__YOUR INSTRUCTIONS__: Starting with the line that has "Shore of a bay" and finishing with the line that has "Gente disfrutando comidas", set down each line below exactly. Pictures are not copied.

═════ INFORMATION PROVIDED

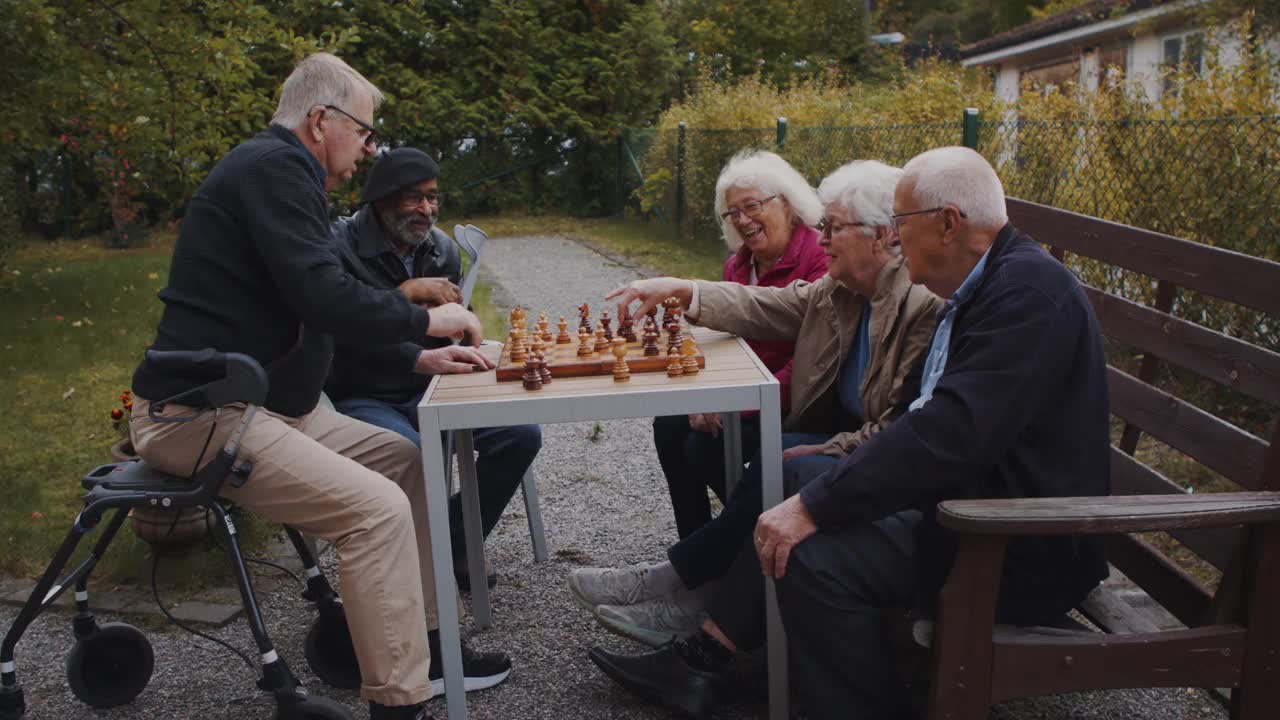 年长的男女朋友在公园的桌子上下棋视频素材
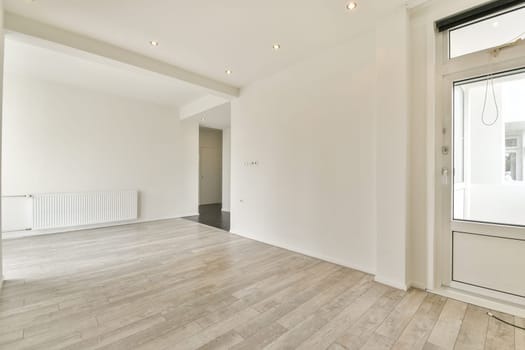 A bright, minimalist interior featuring sleek lines and neutral colors, showcasing an inviting and spacious environment perfect for contemporary living.
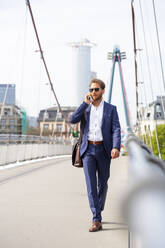 Geschäftsmann mit Smartphone beim Spaziergang auf einer Brücke in der Stadt - PUF02029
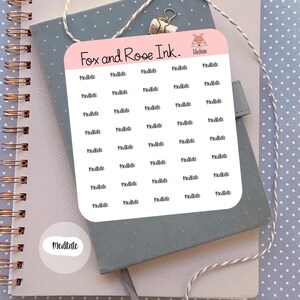 May include: A sheet of pink stickers with the word "Meditate" printed in black script. The stickers are arranged on a gray notebook with a spiral binding. The words "Fox and Rose Ink" are printed on the top of the sticker sheet.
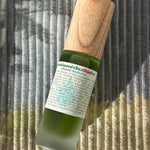 green bottled wooden topped cleanser moisturizer 
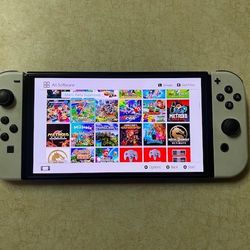 NINTENDO SWITCH OLED with 7500 GAMES INSTALLED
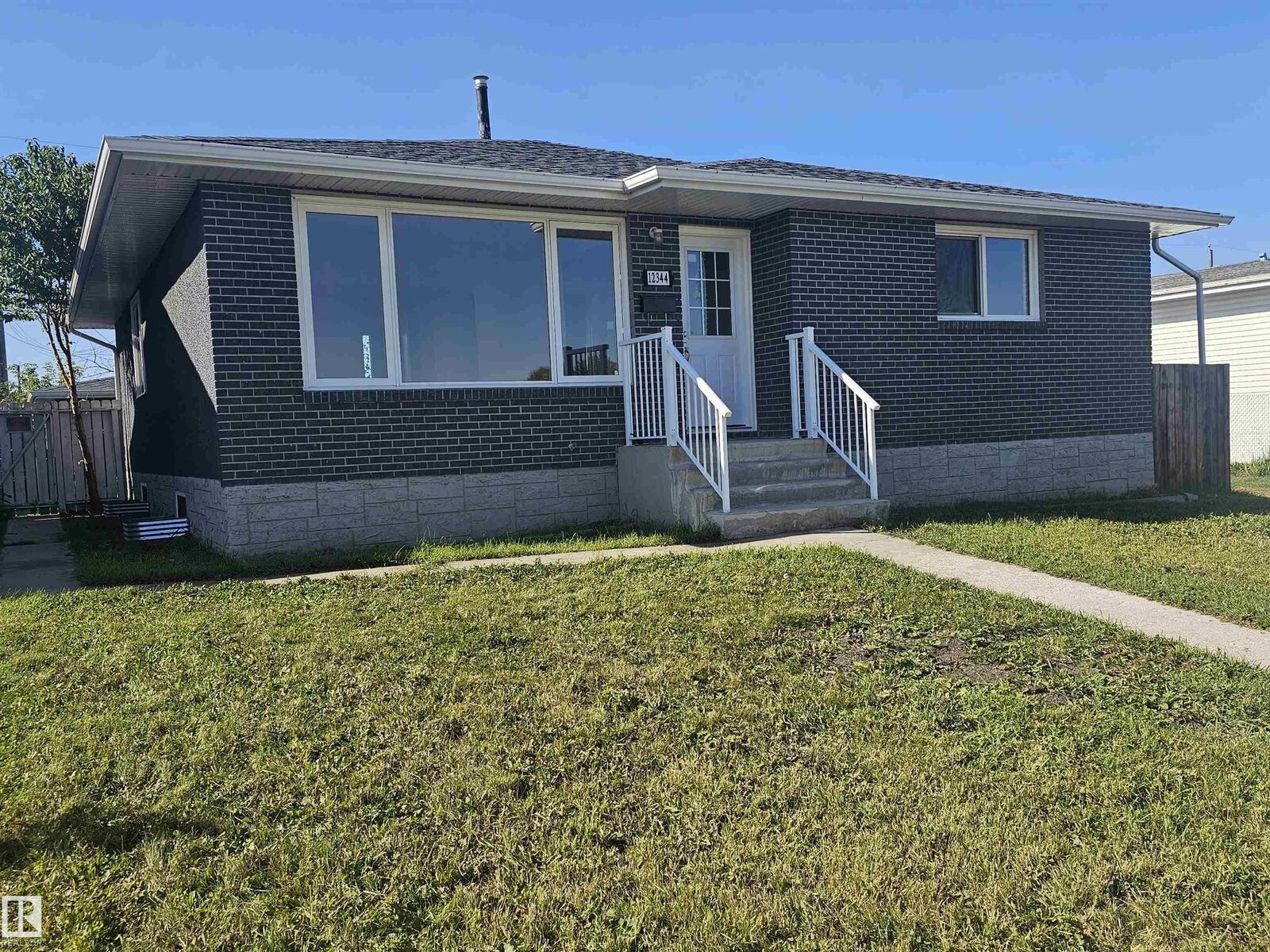 Property Photo:  12344 50 Street NW  AB T5W 3E1 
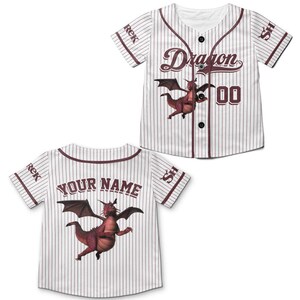 May include: White baseball jersey with burgundy pinstripes and accents. Features a cartoon dragon graphic and the word "Dragon" in script. The back of the jersey has the text "YOUR NAME".
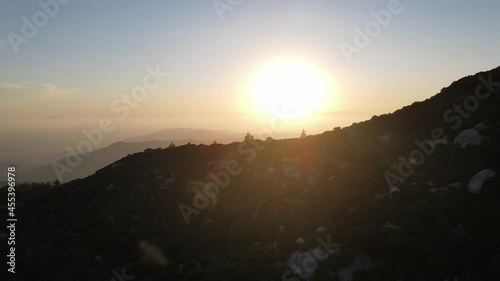 Shore of a bay or river or lake, against the background of the forest, aerial view at sunset
 photo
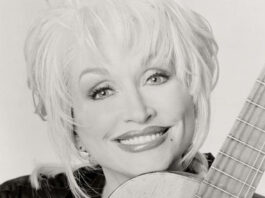 Give Like Dolly Day to support children’s literacy on Sept. 25 Dolly Parton with guitar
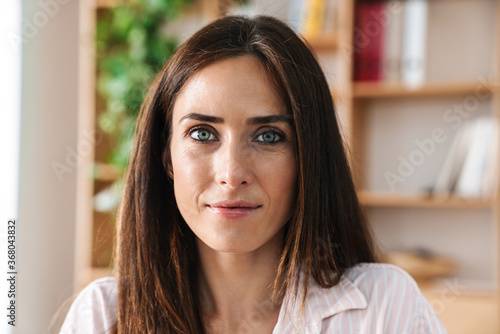 Business woman looking at camera in office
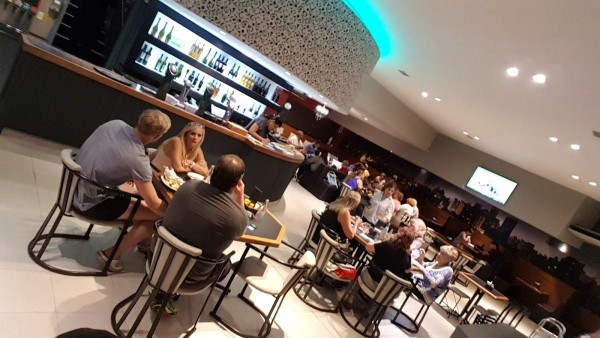 Gente disfrutando comidas y bebidas en el animado Punto Urca, con iluminación moderna y ambiente acogedor.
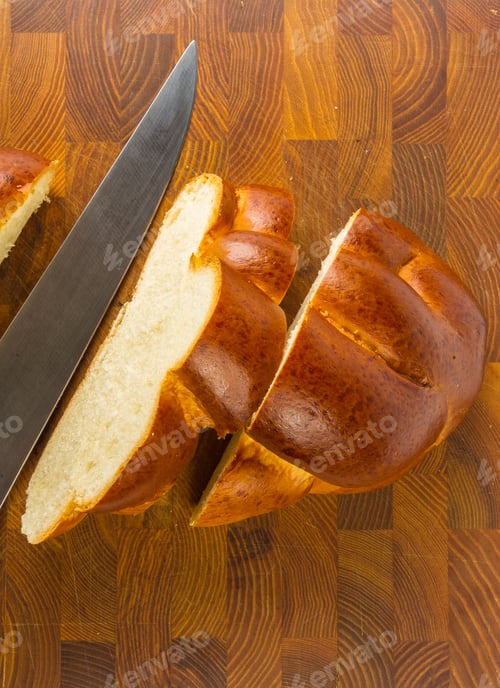Preview: Chunks Large Braided Loaf With Knife On Wooden Background
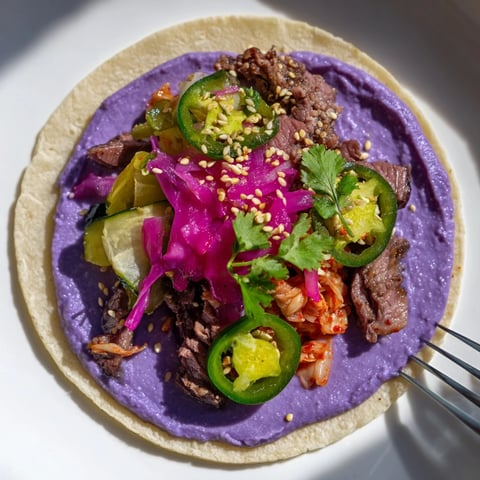 Vibrant Global Street-Food Fusion Tacos drizzled with colorful ube crema and fresh toppings.  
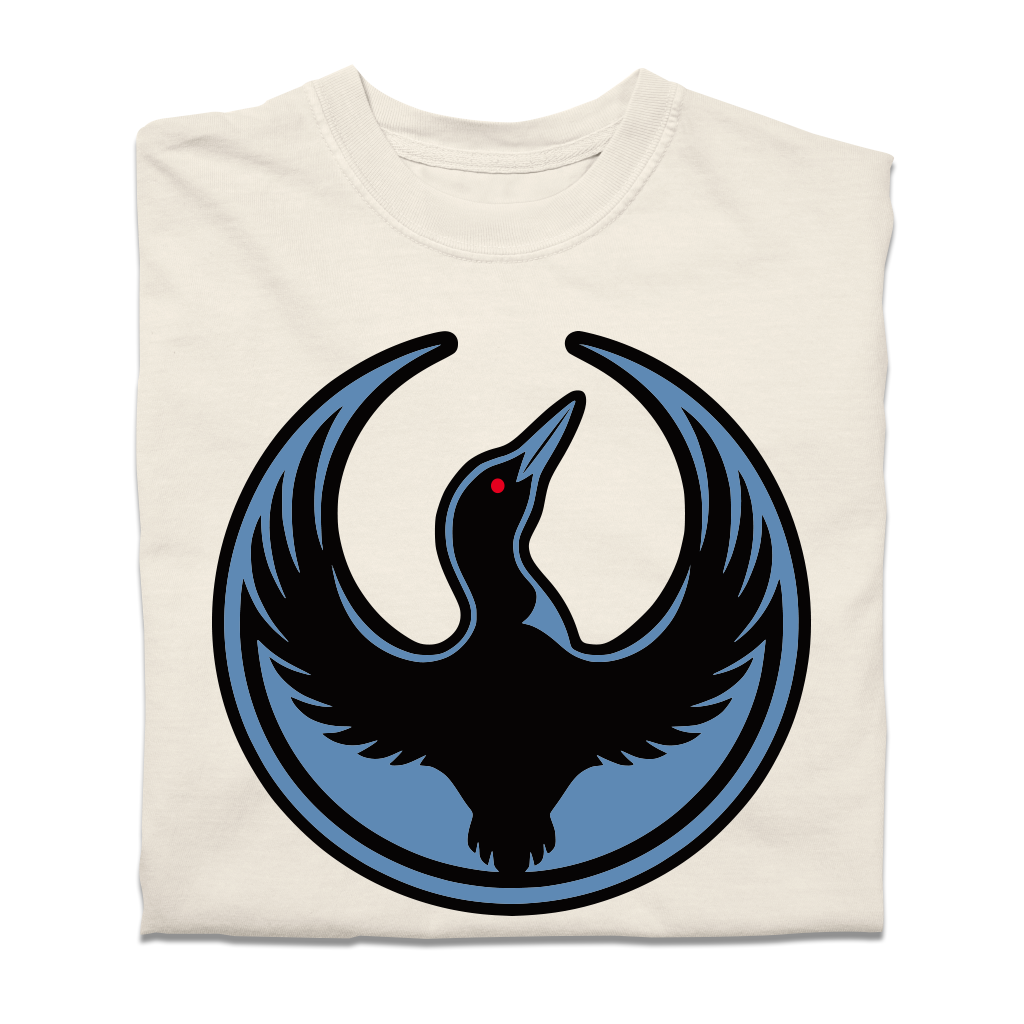 A folded heavyweight cream shirt with the Rebel Loon Alliance Logo. It uses a loon with outstretched wings to mimic the shape of the Star Wars Rebel Alliance Logo. The loon is printed blue & black with red eye.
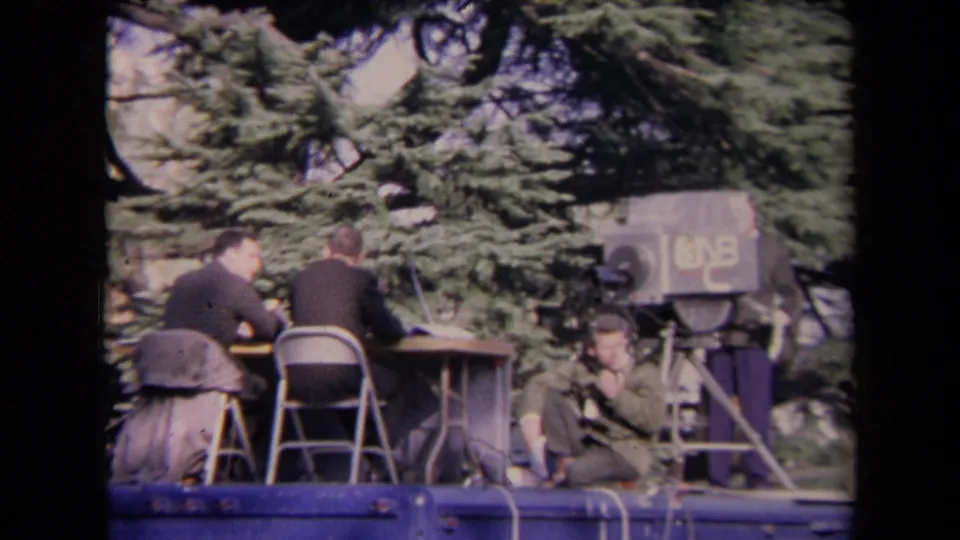 8mm frame of an outdoor media platform, with suited men at a desk and a large television camera marked with a visible number beside them.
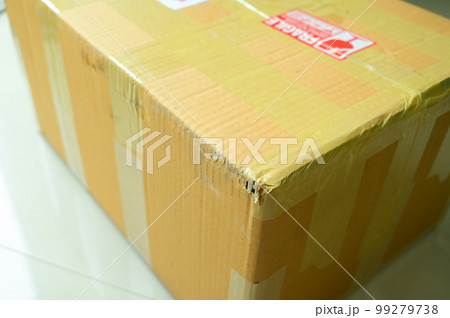 brown box packaging with warning symbol brown box packaging with warning symbol 99279738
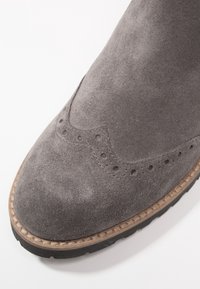 Grå mocka ankelsko med brogue-detaljer, rund tå och en kontrasterande ljusbrun sydd rand. Gummisula för bra grepp.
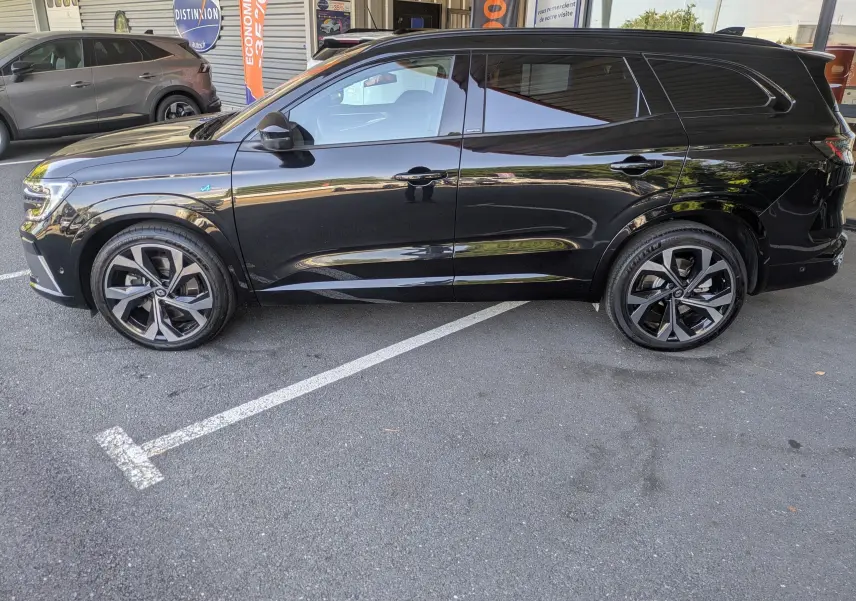 Profil côté gauche du Renault Espace VI E-Tech Full Hybrid noir étoile avec jantes alliage 20 pouces Daytona et vitres teintées.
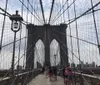 Pedestrians stroll along the wooden walkway of the iconic Brooklyn Bridge flanked by its distinctive web of cables and towering Gothic-style stone pillars against a backdrop of a partly cloudy sky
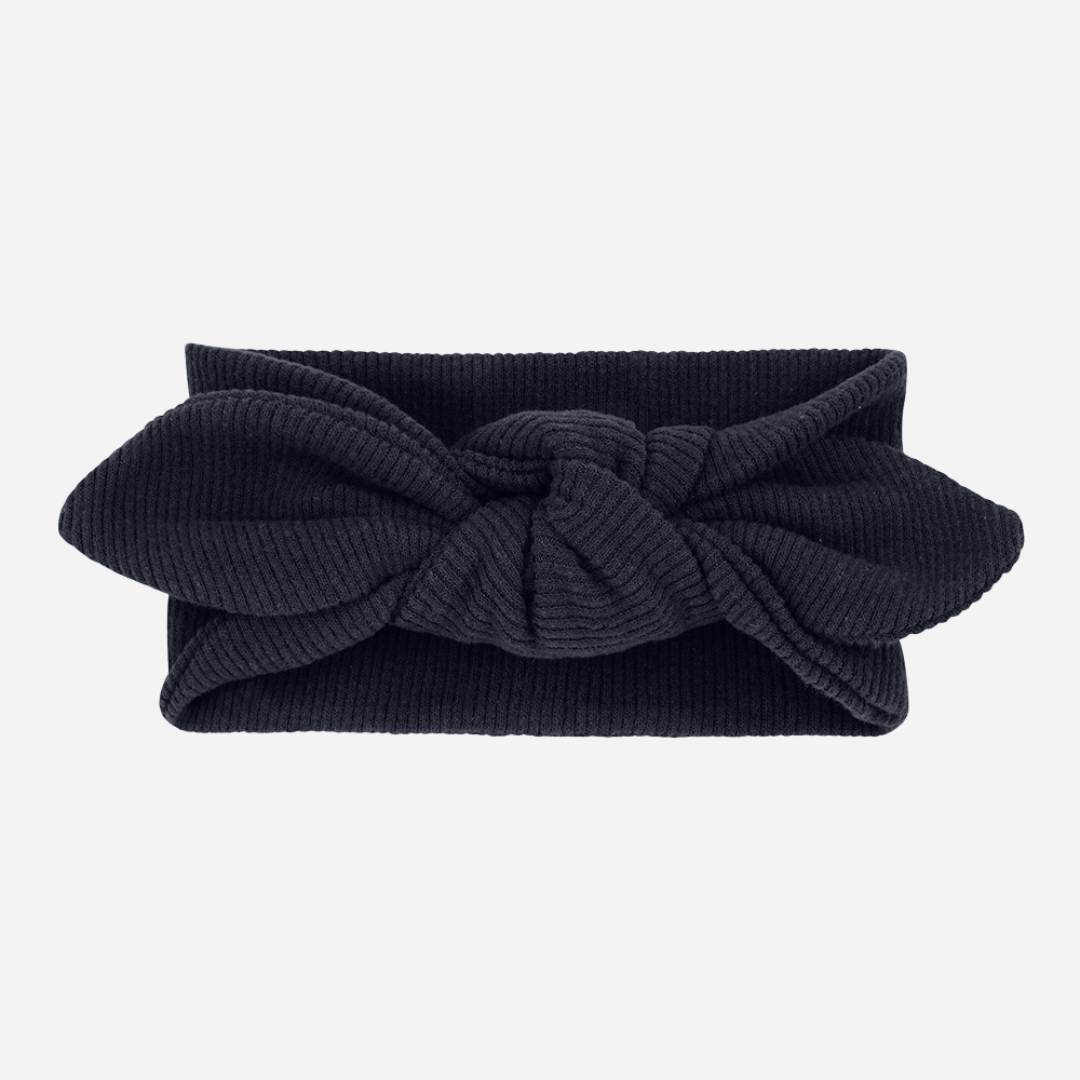 Sold at Bombon shop, designed by 1+ in the family – Ursula headband in navy blue with ribbed cotton texture and knotted bow detail.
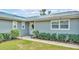 Close up front exterior shows walkway to front door, well-maintained yard, and clean, modern windows at 317 Oak Trl, Lakeland, FL 33813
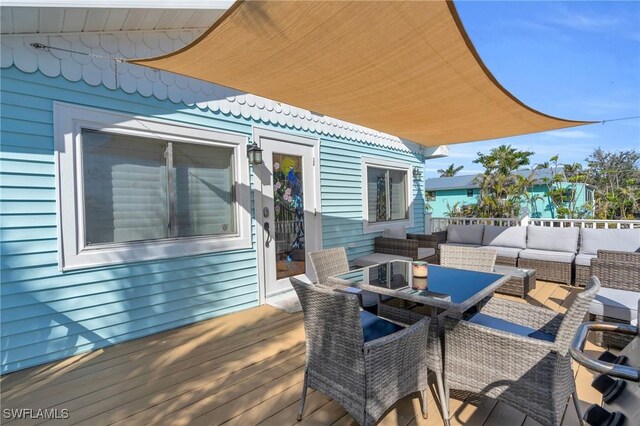 wooden deck featuring an outdoor hangout area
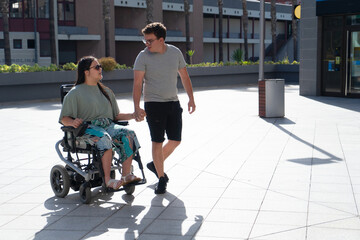 Young disabled woman in wheelchair dating with her boyfriend outdoors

══════════

__RESULT BELOW__:
 Shore of a bay or river or lake, against the background of the forest, aerial view at sunset
 photo
 Give Like Dolly Day to support children’s literacy on Sept. 25 Dolly Parton with guitar
 Business woman looking at camera in office
 Gente disfrutando comidas y bebidas en el animado Punto Urca, con iluminación moderna y ambiente acogedor.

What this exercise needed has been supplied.